Our food has arrived. There is no real children’s menu so Orobosa has prepared the meals uniquely for them. Pasta and either a cheese or marina sauce with fried chicken tenders sounded great to all our little guys. But Mom and Dad have gone to sea. The wife has chosen a fabulous seafood combo of fish, scallops and shrimp. Dad has selected a veal, shrimp and tomato dish in a brown sauce that is so much better than could ever be described that I will not attempt it. Suffice to say, that if you find yourself within 100 miles of Pawley’s Island you should skip all the usual places and go!
A young waitress sets down the final plate and asks us if we need anything else. We thank her and smile. She reciprocates and moves on. The children all look to me to see if this is the sort of restaurant we are going to offer a prayer in. They are hungry. It is easy to tell that they think God wants us to eat more and talk less.

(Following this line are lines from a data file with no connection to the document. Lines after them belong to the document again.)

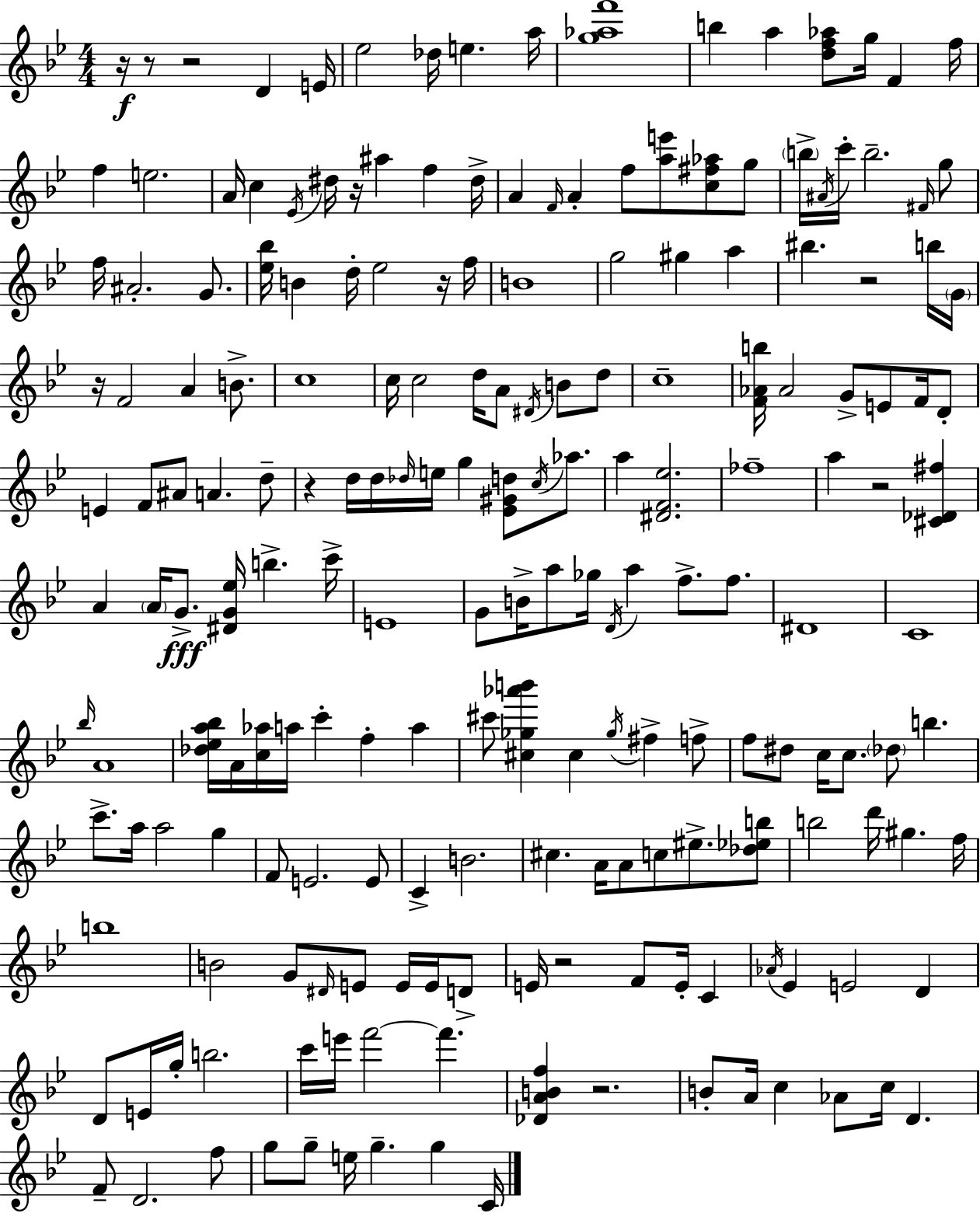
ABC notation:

X:1
T:Untitled
M:4/4
L:1/4
K:Gm
z/4 z/2 z2 D E/4 _e2 _d/4 e a/4 [g_af']4 b a [df_a]/2 g/4 F f/4 f e2 A/4 c _E/4 ^d/4 z/4 ^a f ^d/4 A F/4 A f/2 [ae']/2 [c^f_a]/2 g/2 b/4 ^A/4 c'/4 b2 ^F/4 g/2 f/4 ^A2 G/2 [_e_b]/4 B d/4 _e2 z/4 f/4 B4 g2 ^g a ^b z2 b/4 G/4 z/4 F2 A B/2 c4 c/4 c2 d/4 A/2 ^D/4 B/2 d/2 c4 [F_Ab]/4 _A2 G/2 E/2 F/4 D/2 E F/2 ^A/2 A d/2 z d/4 d/4 _d/4 e/4 g [_E^Gd]/2 c/4 _a/2 a [^DF_e]2 _f4 a z2 [^C_D^f] A A/4 G/2 [^DG_e]/4 b c'/4 E4 G/2 B/4 a/2 _g/4 D/4 a f/2 f/2 ^D4 C4 _b/4 A4 [_d_ea_b]/4 A/4 [c_a]/4 a/4 c' f a ^c'/2 [^c_g_a'b'] ^c _g/4 ^f f/2 f/2 ^d/2 c/4 c/2 _d/2 b c'/2 a/4 a2 g F/2 E2 E/2 C B2 ^c A/4 A/2 c/2 ^e/2 [_d_eb]/2 b2 d'/4 ^g f/4 b4 B2 G/2 ^D/4 E/2 E/4 E/4 D/2 E/4 z2 F/2 E/4 C _A/4 _E E2 D D/2 E/4 g/4 b2 c'/4 e'/4 f'2 f' [_DABf] z2 B/2 A/4 c _A/2 c/4 D F/2 D2 f/2 g/2 g/2 e/4 g g C/4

I’m not certain what fully goes into making the decision to offer a prayer before a meal in a restaurant. There are certainly some occasions when we either forget or somehow feel we may become more of a distraction than we care to be at that particular moment. But mostly we do, and while the prayer is intended to be no more than words of thanks directed to God, one can’t help but feel the effects as soon as one begins. Conversation drops precipitously as other diners take note – some likely in respect, some in surprise or a sort of unintended if not feigned reverence. For those whom such words represent wasted time offered to empty air, there is the palpable sense that offense has somehow been taken - as though the right exist to not have to hear a conversation directed towards a presumed God. I have even been scowled at before which seemed rather strange. I’m not a big fan of motorcycles as I have come upon several accidents that have ended very poorly for the rider. But I do not scoff at those who make the decision to pursue riding them. Tonight is no exception. There are those in the room who will be uncomfortable being reminded that others place great stock in the God of creation. So be it.

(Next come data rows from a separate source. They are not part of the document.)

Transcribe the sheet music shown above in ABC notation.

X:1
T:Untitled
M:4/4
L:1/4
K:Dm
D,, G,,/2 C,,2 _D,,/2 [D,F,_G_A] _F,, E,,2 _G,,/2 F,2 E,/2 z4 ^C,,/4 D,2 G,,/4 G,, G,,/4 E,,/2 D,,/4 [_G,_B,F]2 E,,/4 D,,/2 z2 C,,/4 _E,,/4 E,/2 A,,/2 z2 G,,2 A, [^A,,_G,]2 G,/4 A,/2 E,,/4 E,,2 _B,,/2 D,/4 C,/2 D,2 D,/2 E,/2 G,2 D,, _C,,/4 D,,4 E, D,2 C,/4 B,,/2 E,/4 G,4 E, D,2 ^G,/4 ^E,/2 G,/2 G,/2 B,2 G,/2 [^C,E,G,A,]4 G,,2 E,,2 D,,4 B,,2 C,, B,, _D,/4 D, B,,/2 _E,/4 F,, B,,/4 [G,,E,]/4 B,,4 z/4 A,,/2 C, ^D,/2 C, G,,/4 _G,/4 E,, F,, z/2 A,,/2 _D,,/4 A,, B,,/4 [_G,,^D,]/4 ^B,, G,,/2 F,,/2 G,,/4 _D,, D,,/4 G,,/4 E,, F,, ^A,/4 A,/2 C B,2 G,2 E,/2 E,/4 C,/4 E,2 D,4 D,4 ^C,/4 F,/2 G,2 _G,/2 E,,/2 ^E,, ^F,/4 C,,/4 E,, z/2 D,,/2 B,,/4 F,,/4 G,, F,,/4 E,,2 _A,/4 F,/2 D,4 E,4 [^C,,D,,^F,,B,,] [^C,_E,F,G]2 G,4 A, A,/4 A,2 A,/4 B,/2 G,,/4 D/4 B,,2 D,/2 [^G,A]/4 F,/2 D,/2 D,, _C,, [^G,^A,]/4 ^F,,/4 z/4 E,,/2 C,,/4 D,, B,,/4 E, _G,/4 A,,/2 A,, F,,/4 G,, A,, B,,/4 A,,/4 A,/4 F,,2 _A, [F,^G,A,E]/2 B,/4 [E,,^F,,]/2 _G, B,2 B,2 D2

Putting a good meal on the table once occupied the majority of a person’s daily effort and was for our forefathers reason enough to give thanks indeed. But most of us no longer truly feel the immediacy of that need, so I usually try to incorporate other blessings. Today there are many to choose from – the sheer beauty of the creation as witnessed near the ocean with the drama of the surf by day and the peace of the marshes at night. The joy of watching one’s children experience and share their own joy with one another as they discover a unique shell or catch “the perfect wave,” the simple pleasure of a good book and the time to get so lazily lost in it . . .We give thanks for all these things.
As we lift our heads you can feel the gazes upon us – both sweet and sour as the case may be . . . But the food is anything but that, and as the conversations rise again Orobosa himself is standing in the corner in white apron and cap looking directly at me and nodding with a toothy smile as bright and wide as the ocean itself.
Thanks Orobosa, for providing another uniquely wonderful corner of America to give thanks for!